There is genuine mutuality, a two-sided commitment, in the claimant commitment. It is intended to be of benefit to claimants. It will provide all claimants with a single, clear statement of their responsibilities. This will ensure that claimants understand those responsibilities from the very start of their claim and help to improve compliance. Indeed, I am spending quite a lot of time to make sure that the commitment is helpful, understandable and specific to an individual. We are spending a lot of time and energy doing that because, up to now, similar measures have been rather vague and more general.

The content of a claimant commitment will include the hours the claimant is expected to work and it is drawn up between the claimant and the adviser in dialogue. The threshold for things such as the time spent on job search per week will be set according to personal capability and circumstances rather than being prescribed in legislation. The regulations set out only the maximum limit beyond which we will never apply conditionality, so some of the newspaper articles—I am not sure whether this was an upmarket favourite read or in a more downmarket one—apply to the maximum expectation. Clause 17 sets out the kinds of activities we might expect claimants to undertake, and we will get to it later.

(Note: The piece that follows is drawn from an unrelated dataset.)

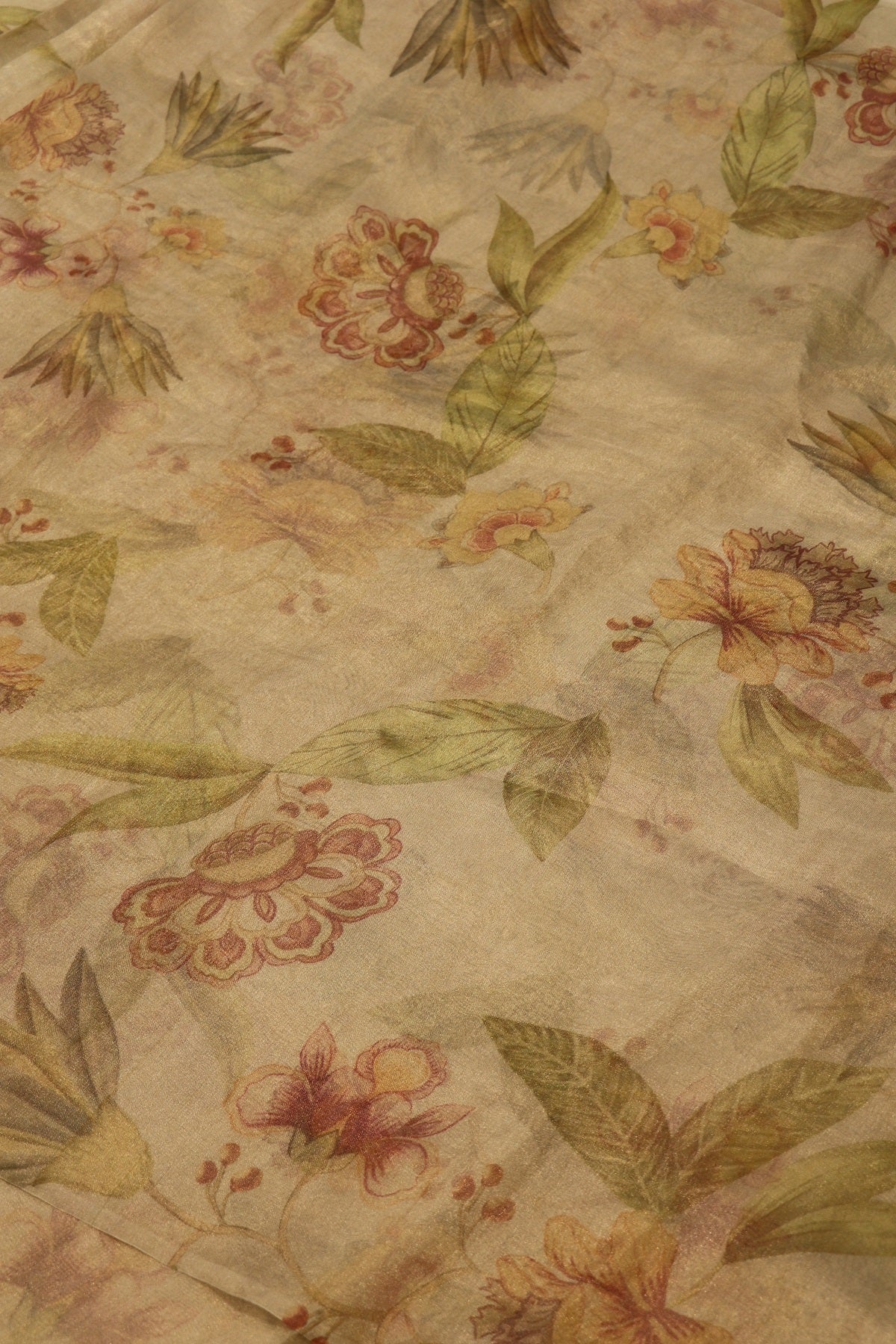 Pure Tissue Big Scattered Organza Floral Printed Fabric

We will ensure that the process of accepting a commitment is not onerous. For those claimants who have limited responsibilities—for example, where the only requirement placed on the claimant is to report changes of circumstance—the commitment will be an integrated part of the claims process and could be accepted online or via the telephone. For other claimants, primarily those we would require to look for work, their requirements will need to be discussed with an adviser face to face. They will be able to accept their commitment at their first meeting.

However, we recognise that there may be some very exceptional cases where the claimant cannot fulfil the requirement to accept a commitment: for example, where the claimant is suddenly incapacitated through illness or where the office we were expecting a claimant to attend is forced to close as a result of flood or fire. We will be using regulations under subsection (7) of this clause to cover such circumstances and enable us to treat the claimant as having accepted the commitment. Noble Lords may have spotted that we have responded to the Delegated Powers Committee and agreed to make these regulations affirmative for their first use.

My third and final point is that the claimant commitment is not an entirely new invention. It builds on similar products in the existing benefits regime, most notably the jobseekers’ agreement which JSA claimants must agree to as a condition of entitlement. Operationally, we already have good experience of the use and implementation of such products. Obviously we feel that the claimant commitment is an improvement on the jobseekers’ agreement. Most notably it will bring together all the requirements placed on the claimant, while the jobseekers’ agreement covers only some requirements. We intend to introduce and implement the claimant commitment in JSA in advance of universal credit, and we will, of course, be looking to learn from that experience in advance of universal credit. As I said, I will be able to explain more about this process later as we get to those clauses. I urge the noble Baroness to withdraw this amendment.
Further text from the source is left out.